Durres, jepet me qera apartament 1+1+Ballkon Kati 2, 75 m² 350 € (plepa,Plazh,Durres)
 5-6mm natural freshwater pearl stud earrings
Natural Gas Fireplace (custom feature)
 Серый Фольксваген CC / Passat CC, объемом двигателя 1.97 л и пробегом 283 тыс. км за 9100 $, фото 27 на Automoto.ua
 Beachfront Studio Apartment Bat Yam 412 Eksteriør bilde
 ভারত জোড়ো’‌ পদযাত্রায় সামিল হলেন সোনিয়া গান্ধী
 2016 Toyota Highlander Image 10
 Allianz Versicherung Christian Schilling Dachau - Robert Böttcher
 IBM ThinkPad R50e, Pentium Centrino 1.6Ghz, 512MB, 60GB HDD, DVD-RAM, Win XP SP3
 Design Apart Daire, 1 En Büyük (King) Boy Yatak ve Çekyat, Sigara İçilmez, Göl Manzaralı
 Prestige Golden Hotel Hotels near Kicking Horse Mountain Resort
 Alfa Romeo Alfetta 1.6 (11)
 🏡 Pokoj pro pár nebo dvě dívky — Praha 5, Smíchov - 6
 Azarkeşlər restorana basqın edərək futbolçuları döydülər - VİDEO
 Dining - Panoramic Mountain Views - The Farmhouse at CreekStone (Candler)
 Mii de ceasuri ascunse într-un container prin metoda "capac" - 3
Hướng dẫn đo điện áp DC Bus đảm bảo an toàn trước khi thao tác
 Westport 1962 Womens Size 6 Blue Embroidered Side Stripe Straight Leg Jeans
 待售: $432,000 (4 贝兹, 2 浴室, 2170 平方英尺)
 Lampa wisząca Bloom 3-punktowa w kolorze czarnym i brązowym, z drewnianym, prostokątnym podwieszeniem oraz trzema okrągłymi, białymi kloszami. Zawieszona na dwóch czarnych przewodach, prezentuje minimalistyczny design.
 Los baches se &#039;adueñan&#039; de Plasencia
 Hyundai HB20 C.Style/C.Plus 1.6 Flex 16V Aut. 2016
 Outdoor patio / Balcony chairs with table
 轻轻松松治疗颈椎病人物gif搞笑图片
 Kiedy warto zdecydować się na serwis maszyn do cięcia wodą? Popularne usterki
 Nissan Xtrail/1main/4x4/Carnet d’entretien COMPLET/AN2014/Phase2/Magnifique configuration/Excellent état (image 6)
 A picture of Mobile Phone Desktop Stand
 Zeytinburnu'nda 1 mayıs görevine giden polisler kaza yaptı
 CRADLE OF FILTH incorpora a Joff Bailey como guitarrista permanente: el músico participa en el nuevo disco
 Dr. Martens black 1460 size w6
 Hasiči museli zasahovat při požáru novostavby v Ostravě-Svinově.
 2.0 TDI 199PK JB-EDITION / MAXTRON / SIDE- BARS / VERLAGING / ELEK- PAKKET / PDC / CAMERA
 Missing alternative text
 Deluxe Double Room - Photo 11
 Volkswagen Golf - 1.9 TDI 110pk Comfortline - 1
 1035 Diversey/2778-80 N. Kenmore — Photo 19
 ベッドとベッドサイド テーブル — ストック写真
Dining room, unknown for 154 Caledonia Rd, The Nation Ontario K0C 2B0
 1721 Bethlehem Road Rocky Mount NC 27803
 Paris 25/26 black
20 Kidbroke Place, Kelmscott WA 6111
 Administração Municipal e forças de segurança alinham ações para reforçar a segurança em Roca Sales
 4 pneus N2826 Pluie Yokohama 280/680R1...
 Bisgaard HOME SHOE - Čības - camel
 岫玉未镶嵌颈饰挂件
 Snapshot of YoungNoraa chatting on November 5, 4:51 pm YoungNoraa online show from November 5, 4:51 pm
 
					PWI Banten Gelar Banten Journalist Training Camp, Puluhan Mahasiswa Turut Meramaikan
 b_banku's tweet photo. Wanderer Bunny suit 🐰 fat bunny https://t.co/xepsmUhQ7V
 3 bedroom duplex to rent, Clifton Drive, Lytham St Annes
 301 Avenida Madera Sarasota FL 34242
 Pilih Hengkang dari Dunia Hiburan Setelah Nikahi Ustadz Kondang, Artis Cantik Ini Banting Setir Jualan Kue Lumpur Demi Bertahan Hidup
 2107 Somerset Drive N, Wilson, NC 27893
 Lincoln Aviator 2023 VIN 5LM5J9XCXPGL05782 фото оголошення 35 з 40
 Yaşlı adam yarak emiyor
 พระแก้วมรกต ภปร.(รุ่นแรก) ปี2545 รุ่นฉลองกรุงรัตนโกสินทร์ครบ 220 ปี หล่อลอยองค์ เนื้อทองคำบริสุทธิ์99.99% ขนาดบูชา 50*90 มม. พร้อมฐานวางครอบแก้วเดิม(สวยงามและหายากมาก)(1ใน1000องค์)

========

■ **Your task**
Beginning at the line above that contains "Dining room, unknown", return each line exactly through the line that contains "301 Avenida Madera Sarasota FL 34242", and no others.

■ **Reply**
Dining room, unknown for 154 Caledonia Rd, The Nation Ontario K0C 2B0
 1721 Bethlehem Road Rocky Mount NC 27803
 Paris 25/26 black
20 Kidbroke Place, Kelmscott WA 6111
 Administração Municipal e forças de segurança alinham ações para reforçar a segurança em Roca Sales
 4 pneus N2826 Pluie Yokohama 280/680R1...
 Bisgaard HOME SHOE - Čības - camel
 岫玉未镶嵌颈饰挂件
 Snapshot of YoungNoraa chatting on November 5, 4:51 pm YoungNoraa online show from November 5, 4:51 pm
 
					PWI Banten Gelar Banten Journalist Training Camp, Puluhan Mahasiswa Turut Meramaikan
 b_banku's tweet photo. Wanderer Bunny suit 🐰 fat bunny https://t.co/xepsmUhQ7V
 3 bedroom duplex to rent, Clifton Drive, Lytham St Annes
 301 Avenida Madera Sarasota FL 34242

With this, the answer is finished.